Point 1: The data source collected for this study is comprehensive and carefully preprocessed. Perhaps there is a need to elaborate and reassure in more details on the binarization logic since some of the original dataset had multiple categories.

Response 1: According to your comment, we elaborated and reassure in more detail on the binarization logic at part of Dataset. This is of great help to the access and credibility of DILI data set. The specific revised are as follows:

“Binarize the labels of different datasets to obtain binary labels. The rules of the label are shown in Table 1. We adopt cautious binarization rules and took compounds with high reliability DILI classes. First, the data comes from trusted sources such as scientific literature, medical monographs clinical and data approved by FDA. Second, we set labels to “1” for the compound with definite DILI from the original source, and “0” for the compound without DILI from the original source. This is reflected in the data processing of Greene, DILIrank, Livertox and LTKB data set, where “HH” and “Most concern” represent “Evidence of human hepatotoxicity” and DILI-positive respectively. Meanwhile, “NE” and “no concern” indicate “no evidence of hepatotoxicity in any species” and DILI-negative [42-47]. The “Category A”and “Category B” from the LiverTox are the classes of compounds that have been “frequently reported” and "reported" to cause DILI, "Category E" means “no evidence that the drug has caused liver injury” [44, 48]. We find that Shuaibing et al. and Mulliner et al. had the same strict binarization rules as we adopted , so we considered the data of these authors also to be credible [7, 8]. It is found that Xu et al. 's binding data also came from highly trusted data sources, including NCTR, Greene et al, and Xu et al., which removed inconsistent compound’s DILI label from the dataset, and we considered their data equally reliable. [6] Finally, to expand the data set, we take a small portion compounds from Greene's "WE" compound’s DILI classes which represents “Weak evidence of (<10 case reports) of human hepatotoxicity”, and they are also considered as DILI compounds in the literature.[44, 47]”

Table 1. Datasets of DILI and binarization rules of labels.

ID	Source	Type of Data	No. of Compound (Positive/Negative)	DILI Categories
1	Greene et al.,2010[1]	Literature reviews and medical monographs	487(331/156)	HH, WE represented positives and NE represented negatives
2	Xu et al.,2015[2]	Medical monographs and FDA-approved drug labeling	475(236/239)	Authors definition
3	Mulliner et al,2017[3]	Clinical data and drug labeling	1370(932/438)	Authors definition
4	Shuaibing et al,2019[4]	Drug labeling and comprehensive data	1458(761/697)	Authors definition
5	DILIrank[5]	Drug labeling and clinical data	504(192/312)	Most concern as 1; no concern as 0
6	Livertox[6]	Scientific literature and public database	343(119/224)	Categories A and B were combined into positives, and Category E was considered as negatives
7	LTKB[7]	FDA-approved drug labeling	195(113/82)	Most concern as 1;no concern as 0

Point 2: It would also be interesting to see how the performance of the proposed algorithm compares against the results of those papers (e.g., ref 6-8), by applying to their original data source.

Response 2: Thank you so much for this comment. We collected the labels and computational features of the original data source. This response is divided into two parts A and B. In Part A, data acquisition is discussed, and in part B, experimental results are expressed and explained.
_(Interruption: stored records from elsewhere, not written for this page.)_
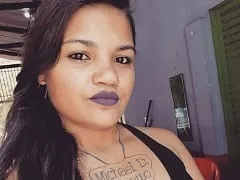 Fue demasiado traviesa para darse la vuelta antes de caer sobre la polla de su coronado y follársela con el culo.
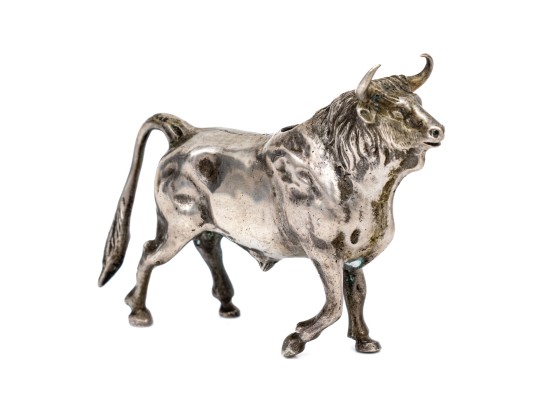 Small Sterling Silver Bull Figure     2.98 Troy Ozs, 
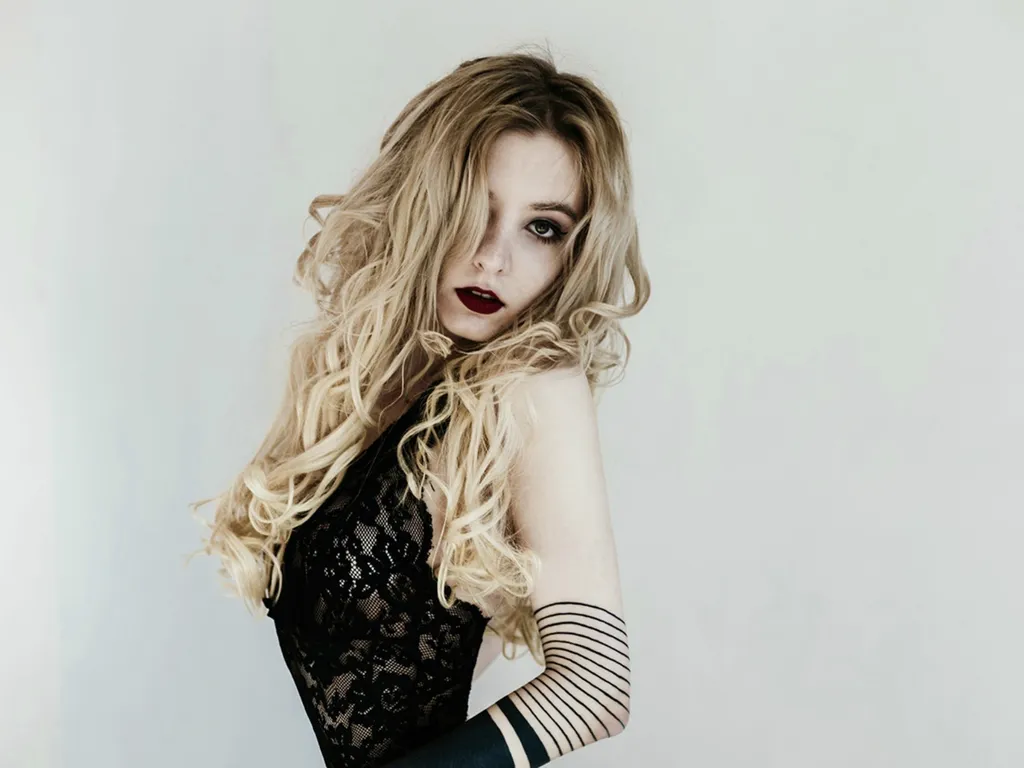 AngelikaMoebius broadcasting live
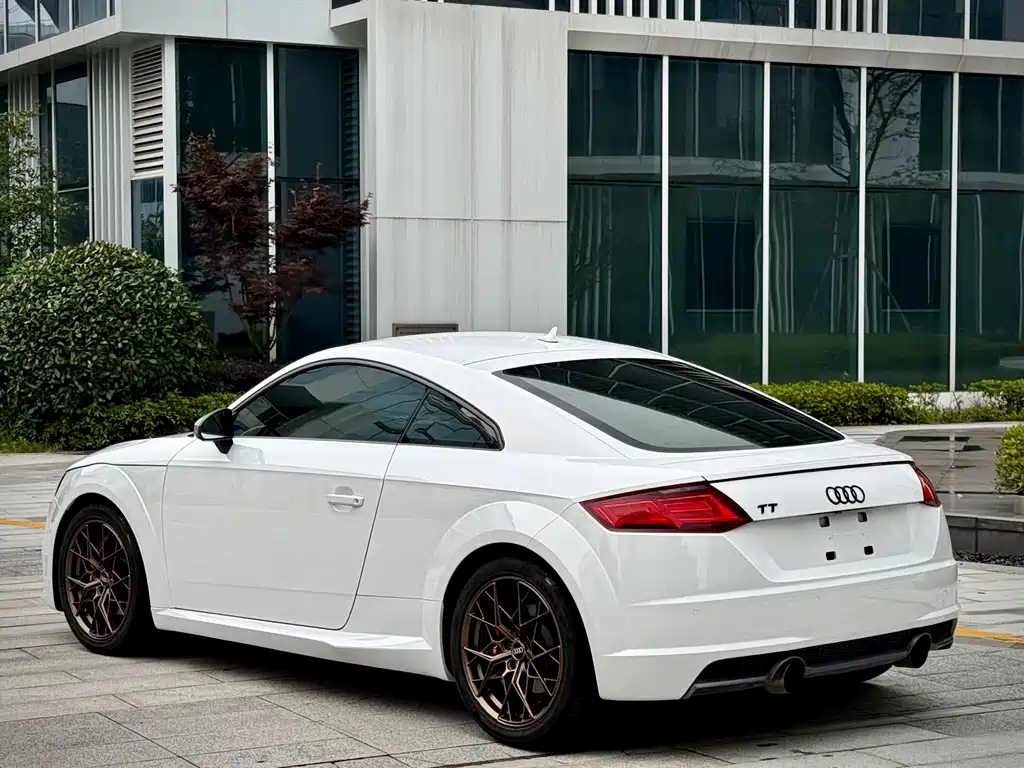 Audi TT — фото 4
Original DILI Data (label and feature) available access situation from ref.6-8[2-4]

The data sets used in reference 6-8 and their computational feature are shown in Table 2.

Table2. Original Data set and publicly available situation according to Ref. 6-8

Ref.	Author	Data sets	Feature	Public available
6	Xu et al.[2]	Training data set (3): NCTR, Liew, Combined External validation (5): NCTR validation, Liew validation, Combined validation, Greene, Xu validation	One-hot Encoded, Mold2 descriptors, PaDEL descriptors	Yes
7	Mulliner et al.[3]	Author definition	CATS, MOE, MDL. VolSurf+ (descriptor)	MOE and VolSurf+ is not public available
8	He et al.[4]	Author definition	Jchem phychem properties	Jchem is not available

Due to copyright and public data available issues, we were only able to get all the raw data from Ref 6 and experiment without using the original data from Ref. 7-8.[3, 4] The sources of unavailable computing features come from references 7-8, and paid software and unavailable data were shown below.

Volsurf+ official link: https://www.sciencedirect.com/science/article/pii/S0166128099003607[3]

MOE official link: https://www.chemcomp.com/Products.htm

Jchem[4]: Jchem has two versions, free and commercial, but the free version requires a certificate, and our certificate application has not been approved for the time being, as shown in follow figure.

Therefore, we compared the original data set of reference 6.

Comparison of R-E-GA and Xu et al.’s model on the data set from rer.6, i.e., Xu et al.[2]

In this section, three computational features, i.e., One-hot encoded[2, 8], Mold2[9] descriptor, PaDEL[10] descriptor were used for comparison on the Combined data set as reference 6. The Combined data set compiled by 4 original data sets sources, that is, NCTR[11, 12], Liew[13], Greene[1], Xu[14]. Xu et al. used the original UGRNN[8] and DNN algorithm for model building on the Combined data set[2]. And the label of Ref.6 we compared was shown as Table3. Xu's main experimental results and three computational features were compared on this data set, and we performed the calculations under exactly the same Settings. As results, our model R-E-GA’s performance is superior to Xu’s on the data set with Mold2 , PaDEL molecular descriptors and inferior to Xu’s model on the data set of One-hot encoding by SMILES, as shown in Table 3-5. In addition, on the same data set, R-E-GA based on single descriptor Mold2 and deep learning based on one-hot encoded model were basically consistent with index AUC (0.949 to 0.955).

Table 3. Summary of data sets used in the external validation study

	Data sets	DILI-positive	DILI-negative	Total number
Training	Combined training data set[2]	236	239	475
External validation	Combined validation data set	114	84	198

We first compared the computational models of Xu et al. based on molecular descriptors on Combined data set. In original article, Xu et al. calculates Mold2(777) [9] and PaDEL(1444) [10] two molecular descriptors for model trainning on Combined data set respectively. We also calculated Mold2 and PaDEL descriptors as model inputs and the results to comparise algorithms were shown in Table 4. And we use the same 10-fold cross validation and evaluation index as ACC, AUC, SEN, SPE for modeling in above studies. The prediction results of R-E-GA on Combined data set with Mold2 descriptor were an ACC of 0.852, SEN of 0.855, SPE of 0.850 on 10-fold test data set, and obtained the performance ACC of 0.851, AUC of 0.949, SEN of 0.794, SPE of 0.898 on the external data set, which are about average 0.02 index higher than Xu’s model. This is consistent with our other experimental results. The R-E-GA model based on molecular fingerprint(descriptor) has excellent DILI prediction performance.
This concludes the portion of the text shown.